Sure, it’s true that our pastors play a massive role in the advancement of God’s Kingdom. And yes, it’s true they are designated by God to feed us and teach us – but for what purpose? To what end? In his letter to the Ephesians, Paul gives us a partial answer to this question.
“And [Jesus] gave … the shepherds and teachers, to equip the saints for the work of ministry.” – Ephesians 4:11-12.
Who are the “saints”? Paul, Peter, St. Valentine, and whoever else the Roman Catholic Church deems worthy of the title? Nope. You and I are the saints. What this verse says is that one reason God gives us shepherds and teachers is to equip us to be ministers of the gospel. I think the phrase “work of ministry” in Ephesians 4:12 is applicable to both our work in the local church (which is why we shouldn’t neglect teaching Sunday School classes or serving in the nursery!) and our work in evangelism. God’s vision is that all of his children would be priests who serve in the weekly functioning of the Church . . . and prophets who proclaim Jesus to a lost and dying word.
The advancement of God’s Kingdom rests upon every Christian’s shoulders, not just upon the shoulders of those who preach on Sundays. Every born-again believer in Jesus is appointed and divinely empowered to carry the gospel into our homes, schools, work places, recreational activities, or any other sphere that belongs to our everyday life. Our pastors are gifts from God to help us do this. They feed us from the pulpit and impart to us their wisdom in order that we can carry the saving love and knowledge of Jesus to the world.
One of the pivotal moments of my walk with Jesus occurred in mid-2013 when I realized that it was my personal responsibility to reach my friends and coworkers with his gospel. It was not my pastor’s job to evangelize them. I wasn’t divinely placed in their lives just to invite them to church so they could hear my awesome pastor talk about my awesome Savior. No! God sovereignly connected me with these folks that I – Matt Moore – might be a conduit of gospel grace and truth to them. I definitely needed to invite them to church, but my church invitations needed to supplement my personal gospel witness to them, not replace it.

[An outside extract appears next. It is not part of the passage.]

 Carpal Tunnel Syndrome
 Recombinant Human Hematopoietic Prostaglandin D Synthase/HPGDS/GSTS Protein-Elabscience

Though my evangelistic endeavors have been disastrously imperfect sometimes, and though I’ve had seasons where my passion and proclamation of the gospel has waned, I have been fortunate enough to see God bless my efforts by saving and transforming my friends. However . . . even when my gospel-words and gospel-actions seem to fall on deaf ears and hardened hearts (which is what usually happens), my soul still surges with joy every time I point someone to Jesus. Speaking of the glorious God of the Scriptures and serving others for his sake always gives me life, regardless of how others respond. Evangelism is a joyful experience, no matter how great or small the immediate fruit.
It is good news that the advancement of God’s Kingdom does not rest on the backs of our pastors, because that means it’s not just they who are allowed to get in on the pleasure and excitement of the work. We are all invited (and commanded) to partake of the soul-satisfaction of gospel multiplication! It can be very difficult, and it’s met with violent opposition sometimes, but I promise you, nothing feels more “right” than speaking of Jesus to people who need Jesus. It is what we are still here in this fallen world to do.
I know there are probably people reading this who are thinking, “I know this is true. I know I should be sharing the gospel with the people in my life . . . and I want to! But I just feel so unable to do it. I don’t even know where to start!” Well, back to Ephesians chapter 4 – this is why God has given us shepherds and teachers. Go to your pastor or to another leader in your church and ask him or her to help you gain the knowledge and wisdom you need to “go out and make disciples” (Matthew 28:19). It should be – and hopefully will be – your pastor or teacher’s joy to come alongside you and equip you to be a more confident and effective minister of the gospel.